Chapter 5 - Business

Eight happy years passed.

I cannot precisely recall when Grimstone and O’Neil took over the town. Their coming was insidious, like the cholera a few years past, a slow pestilence that eventually became a plague. It was an open secret that they had had a good war, and I later discovered that their oft repeated philosophy that good business was where you found it was manifest in their company variously supplying the British Army, the Prussians, the Spanish, and the French. But nobody seemed to care. To hell with morality, loyalty, and honesty, does it make any money? That was and is the whole of the law. I swear to God that if the Great Tribulation began in the present age, all that would concern the City would be how the opening of the seven seals would affect the next quarter’s profits.

Why these men of business should choose our little provincial backwater was originally a mystery, but looking back later I realised that they were not particularly big fish, at least initially, and were most likely out of their depth among the brokers of London. It was also rumoured that Grimstone had family in the area, and might even have been a native of our little town, a prodigal son with some sort of chip on his shoulder, back to throw his weight around and show his people how important he had become. One thing was certain, big fish in small ponds tended to stink.

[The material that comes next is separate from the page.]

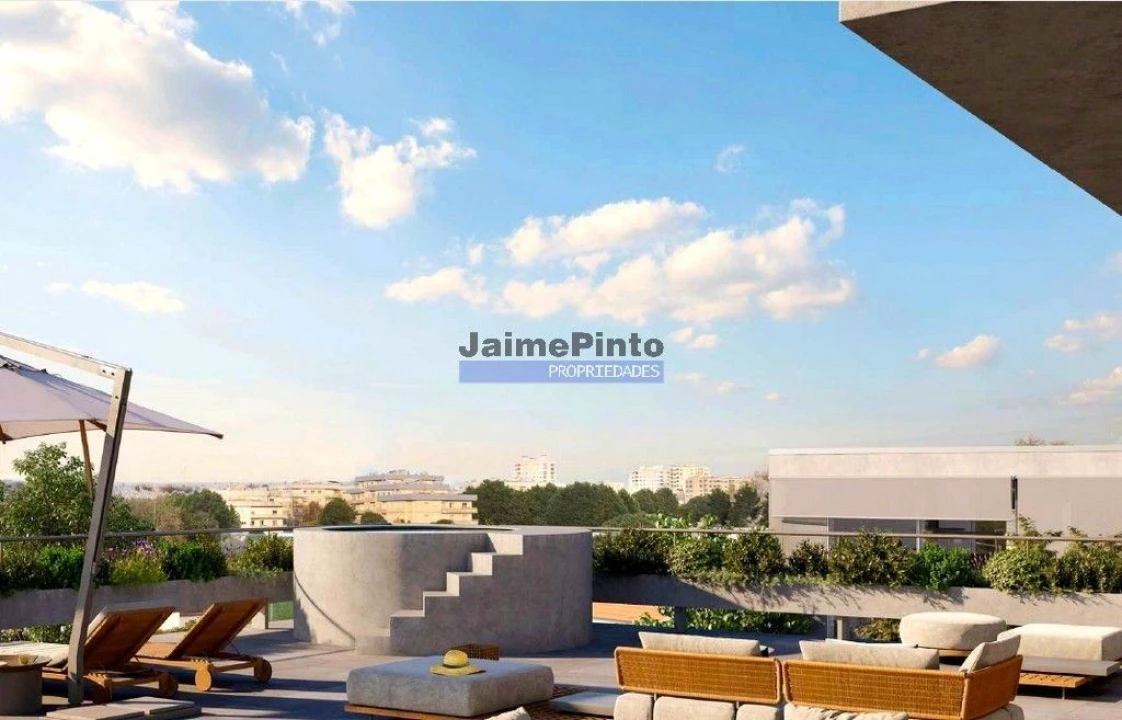 Apartamento T4 para Venda em Lordelo do Ouro e Massarelos Foto 7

They contrived to buy up much of the property in the high street. Grimstone was rarely seen outside his office, which was headquartered in the house where my mother had been born, and I only ever glimpsed him by pure accident, usually getting in or out of a coach. He was quite a small man, with sharp features, honed all the more by a small beard, which, in combination with the most penetrating gaze, gave him a vaguely satanic appearance.

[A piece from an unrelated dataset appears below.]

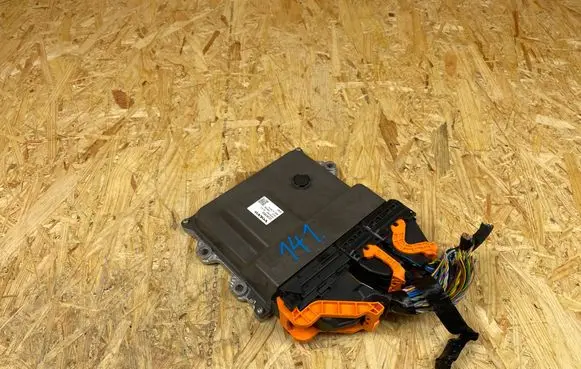 Volvo XC60 Engine control unit/module 32383800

O’Neil, on the other hand, was often out and about. He was quite the physical opposite of his business partner, being a big, bluff northerner. My father’s first impression of him was positive. O’Neil had visited the shop, to personally explain that he was now the landlord, but that my father need have no concerns over the new arrangement, which O’Neil insisted would remain unchanged from the old. He also promised restoration, and complimented the quality of my father’s work. Father bought the news to my mother that evening with a cautious optimism. She knew the type better, and was inwardly sceptical, despite her essentially sunny disposition. I was too young to follow their discussion, and was more concerned with the adventures of Captain Singleton that evening, having discovered the novel nestling at the top of the tall bookcase in the parlour earlier in the day.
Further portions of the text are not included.